Un problème naturel et de gestion
Selon Christian Laporte, anciennement journaliste à La Libre, le premier problème du pays est le fait que plusieurs des dernières présidences ressemblaient à des dictatures. Second problème, les catastrophes naturelles. Le séisme de 2010 a fait plusieurs centaines de milliers de victimes. Manu Van Lier, qui s’est rendu dans le pays par après, a d’ailleurs pu constater que, malgré que le temps soit passé par là, les camps de réfugiés étaient toujours bel et bien en place, même au cœur de la capitale.
Ces deux causes ont pour conséquences l’extrême pauvreté de la population et l’affaiblissement général du pays. D’après Manu Van Lier, la présidence par intérim d’Ariel Henry a poussé la population à saturation. Il pourrait encore y avoir de l'espoir pour un renouveau dans le pays, mais la question devient alors : qui va pouvoir amener cet espoir?
De la violence pour se faire entendre
Avant de passer à la manière forte avec les gangs, la population a tenté de se faire entendre avec des manifestations. Cela n’a malheureusement rien changé et Ariel Henry s’est accroché au pouvoir qui lui est tombé dans les mains quand Jovenel Moïse a été assassiné en juillet 2021. Malgré la fin de son mandat en février dernier, il n’avait promis des élections que pour la mi-2025, ce qui a été jugé inacceptable par une partie de la population.
Entrent en scène les gangs. Lorsque Manu Van Lier s’est rendu en Haïti, les gangs se trouvaient aux périphéries des villes. Aujourd’hui, ils contrôlent 80% du territoire. Et quand ils décident de frapper fort, cela donne, par exemple, l’attaque de deux prisons et à la libération de près de 4500 détenus. Tous ces détenus, qui sont loin d’être des enfants de chœur, se promènent maintenant librement dans la nature.
À cela, s’ajoute la peur de se faire enlever ou de se trouver au mauvais endroit au mauvais moment. Et personne n’est à l'abri, en témoignent les multiples enlèvements de religieux. Certains ont eu la chance d’être libérés, d’autres ont disparu depuis des mois et rien n’indique s'ils sont toujours en vie.
Une solution à l’horizon?
Depuis qu’Ariel Henry a annoncé sa démission depuis Puerto Rico, le pays attend de voir qui sera désigné comme Premier ministre de transition.
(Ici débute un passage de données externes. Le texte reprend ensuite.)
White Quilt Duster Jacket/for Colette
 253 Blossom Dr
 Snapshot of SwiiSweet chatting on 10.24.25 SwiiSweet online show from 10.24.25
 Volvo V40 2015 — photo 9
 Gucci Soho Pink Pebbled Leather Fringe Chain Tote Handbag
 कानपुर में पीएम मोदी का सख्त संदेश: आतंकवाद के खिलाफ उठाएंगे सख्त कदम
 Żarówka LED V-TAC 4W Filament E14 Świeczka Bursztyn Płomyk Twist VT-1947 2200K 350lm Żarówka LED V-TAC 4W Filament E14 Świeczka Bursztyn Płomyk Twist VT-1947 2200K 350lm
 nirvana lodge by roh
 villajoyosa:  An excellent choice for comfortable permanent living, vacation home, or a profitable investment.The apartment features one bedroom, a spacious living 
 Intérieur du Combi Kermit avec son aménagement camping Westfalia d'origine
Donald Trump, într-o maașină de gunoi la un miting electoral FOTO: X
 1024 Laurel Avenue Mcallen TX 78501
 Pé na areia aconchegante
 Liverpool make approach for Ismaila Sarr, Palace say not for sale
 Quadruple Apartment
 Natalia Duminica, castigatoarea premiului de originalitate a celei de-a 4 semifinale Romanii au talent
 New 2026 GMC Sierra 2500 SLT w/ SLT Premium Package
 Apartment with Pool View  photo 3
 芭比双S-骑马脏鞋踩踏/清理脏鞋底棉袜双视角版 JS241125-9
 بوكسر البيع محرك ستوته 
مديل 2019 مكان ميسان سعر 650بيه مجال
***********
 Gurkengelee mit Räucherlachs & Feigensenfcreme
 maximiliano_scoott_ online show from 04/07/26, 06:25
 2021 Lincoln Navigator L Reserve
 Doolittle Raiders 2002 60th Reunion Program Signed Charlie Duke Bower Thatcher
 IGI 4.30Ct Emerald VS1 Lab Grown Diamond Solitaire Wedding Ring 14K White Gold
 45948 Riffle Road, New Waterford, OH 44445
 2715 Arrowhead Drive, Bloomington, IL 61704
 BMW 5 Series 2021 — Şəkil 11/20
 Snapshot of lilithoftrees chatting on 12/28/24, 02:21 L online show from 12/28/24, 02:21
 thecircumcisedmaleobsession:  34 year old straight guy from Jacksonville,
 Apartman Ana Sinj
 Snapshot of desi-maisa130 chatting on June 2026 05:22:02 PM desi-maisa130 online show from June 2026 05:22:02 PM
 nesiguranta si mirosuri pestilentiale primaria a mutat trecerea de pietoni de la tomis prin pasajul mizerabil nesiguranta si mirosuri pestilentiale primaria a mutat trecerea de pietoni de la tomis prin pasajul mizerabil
Et c’est seulement quand cette personne et son gouvernement seront désignés que l’aide humanitaire pourra revenir dans le pays. Cependant rien n’assure ni la bonne gestion des aides, ni que cesseront les détournements par le gouvernement ou les gangs.
Pour Christian Laporte, la situation est désespérée, il faudrait presque un miracle, mais surtout "il faut trouver un pouvoir politique beaucoup plus au service de la population que de ses propres intérêts". Pour Manu Van Lier, il faut désormais reconstruire de manière réfléchie et pousser les gens qui ont trouvé refuge dans les villes à retourner à la campagne pour relancer la production et donc l’économie locale. "Il faut reconstruire depuis la base".
Reste alors à régler le problème des gangs. Pour pouvoir les combattre, il faudrait que la police soit mieux armée, au propre comme au figuré. Il faudrait aussi que les salaires soient suffisants et réguliers pour éviter que l’histoire de Jimmy Cherizier (surnommé “Barbecue”) ne se répète et que d’autres décident de quitter les forces de l’ordre pour rejoindre les gangs.